Dan Mangan sings about inequality at inauguration of Mayor Gregor Robertson and City officials

Dan Mangan playing at the inauguration ceremony in Vancouver
Dan Mangan playing at today's inauguration ceremony in Vancouver, while re-elected Mayor Gregor Robertson (left) and city councillors listen. All photos by Peter Morelli.

Local musician and two-time Juno award winner Dan Mangan stepped up to the microphone with a smile, saying he wanted to "applaud the kind of government that would invite a quasi-protest singer to come sing during their inauguration." 

The assembled audience of Vancouverites and dignitaries gathered at the inauguration ceremony at Creekside Cultural Centre clapped loudly in response, as Mangan belted out "XVI", a song his website describes as "an ode to Louis and Marie Antoinette" gazing down upon Occupy Wall Street campers from on high.

Mangan told the Vancouver Observer that he chose the song because he had wanted to play "a political song at a political inaugaration."

"When Louis the XVI and Marie Antoinette were in Versailles and people were rioting in the streets because they were starving, they had no idea what was going on because there was such a disconnect between the privileged and the unprivileged," he said.

"I see that resonating through the wealthy and impoverished in our modern society.
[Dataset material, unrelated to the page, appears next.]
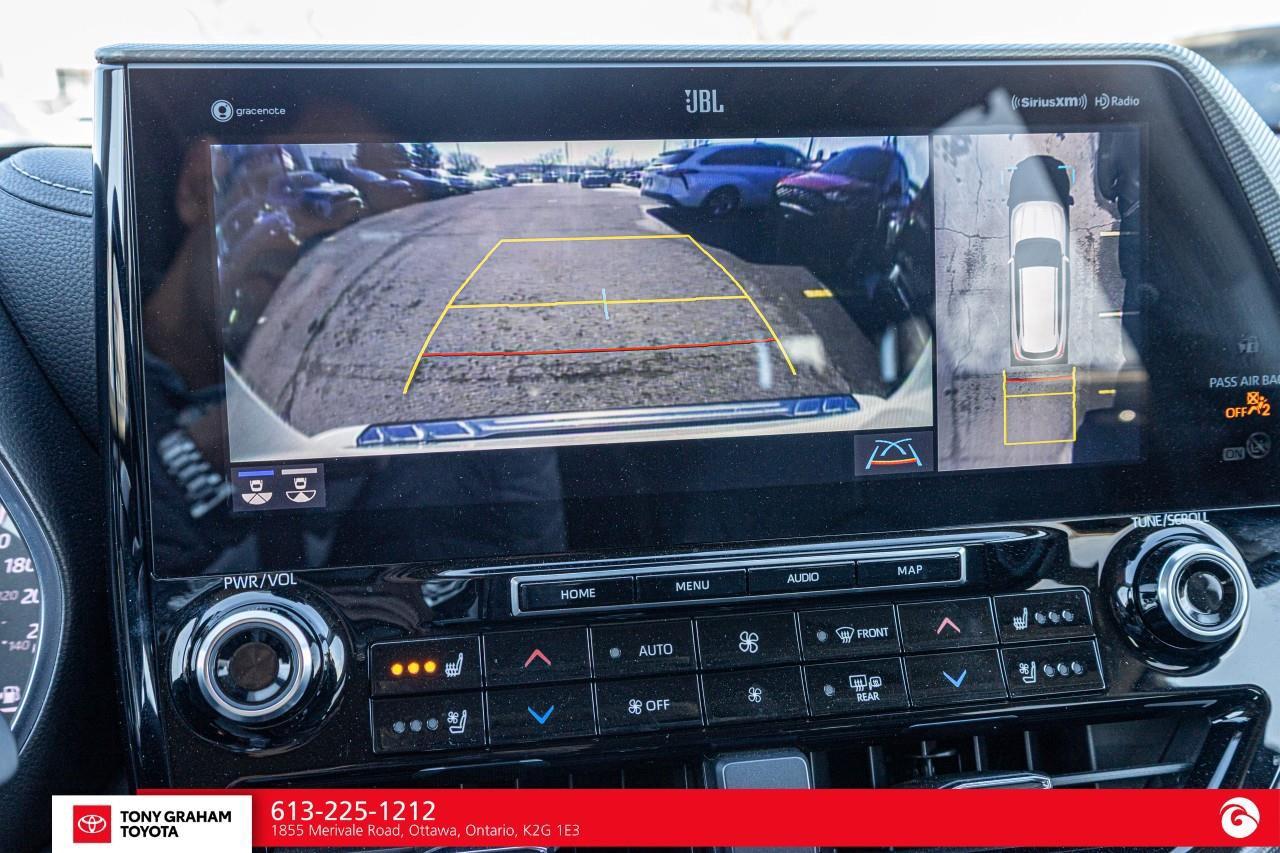 2022 Toyota Highlander LIMITED  Photo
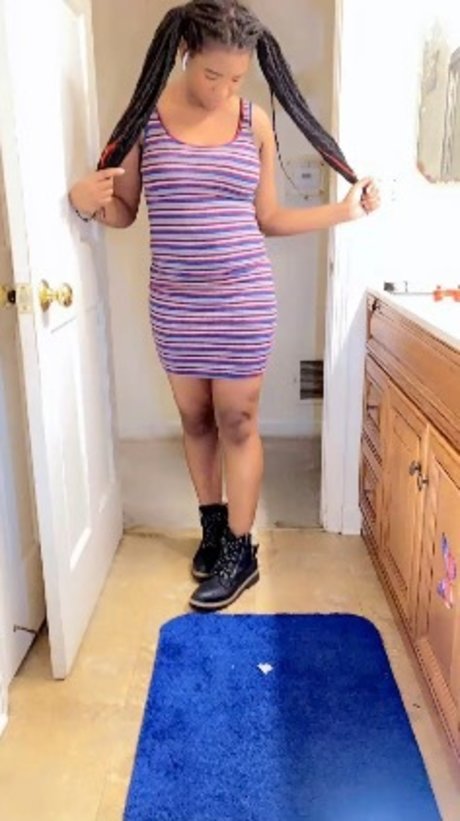 Ashanti Harris star sexy pics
It's not that anybody is maliciously trying to screw over everybody. It's just about compassion and about people listening to each other to try and actually get to the root of what causes poverty."

When asked whether he would like the song's close attention to inequality to set a tone for the new administration, Mangan smiled again. 
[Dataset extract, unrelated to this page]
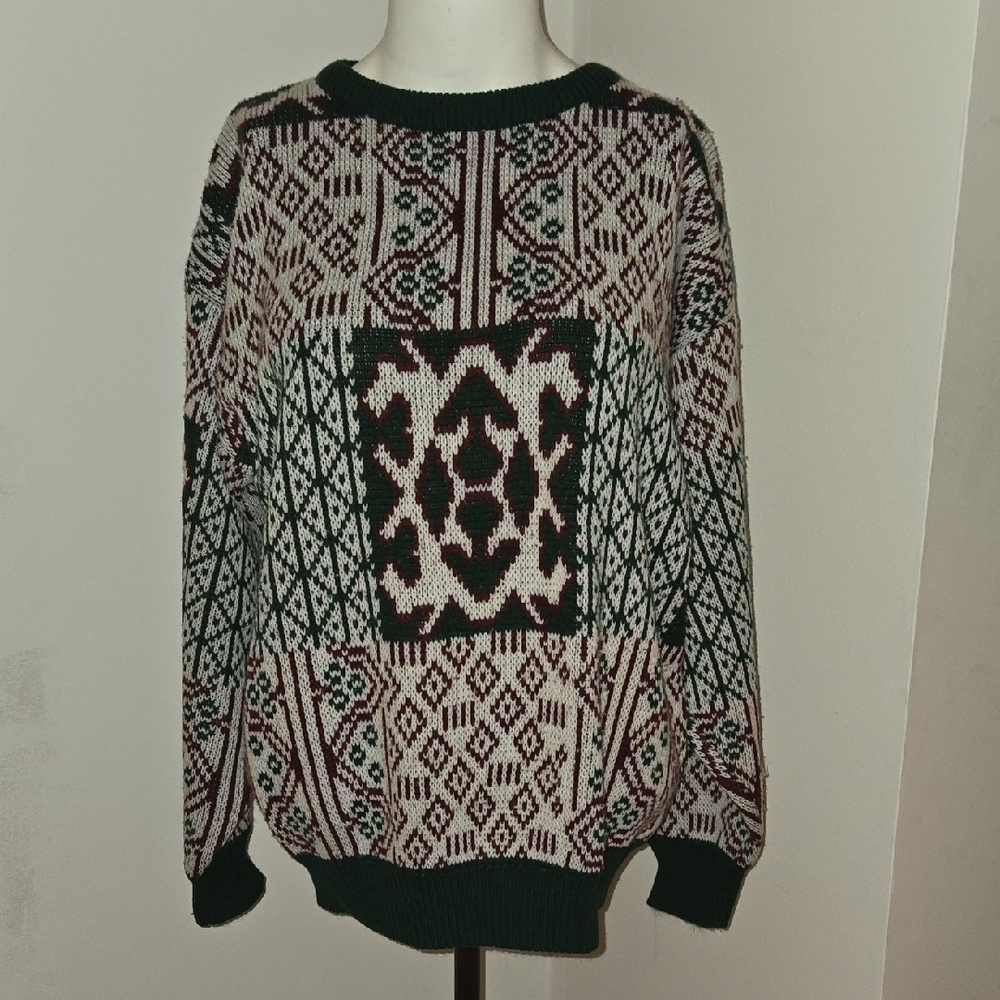 Aprico Burgundy and Cream Geometric Sweater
"Gregor said it [during his speech]. The oath is particularly important when it comes to the most vulnerable in society."
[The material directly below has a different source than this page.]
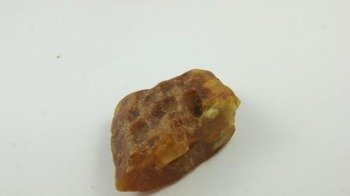 bursztyn bałtycki koniakowy surowy niemodyfikowany 39,4 g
Mangan was only one of the feature performers in an event that showcased the cultural diversity of Vancouver. The Vancouver Fire and Rescue Services Band played Christmas standards as the crowd gathered before the proceedings.

The Vancouver Fire and Rescue Services Band, playing in front of posters by Bracken Hanuse Corlett, entitled "Giants Among Us" and commissioned for the City of Vancouver's Year of Reconciliation. 

Bagpipes accompanied Mayor Robertson, city council members and representatives from the Coast Salish First Nations as they proceeded to the stage at the beginning of the event. The audience was also treated to a Chinese Lion Dance late in the ceremony, complete with crashing cymbal and drum accompaniment. Mayor Robertson became involved in the Lion Dance himself at one point, laughing as the colourful creature approached him.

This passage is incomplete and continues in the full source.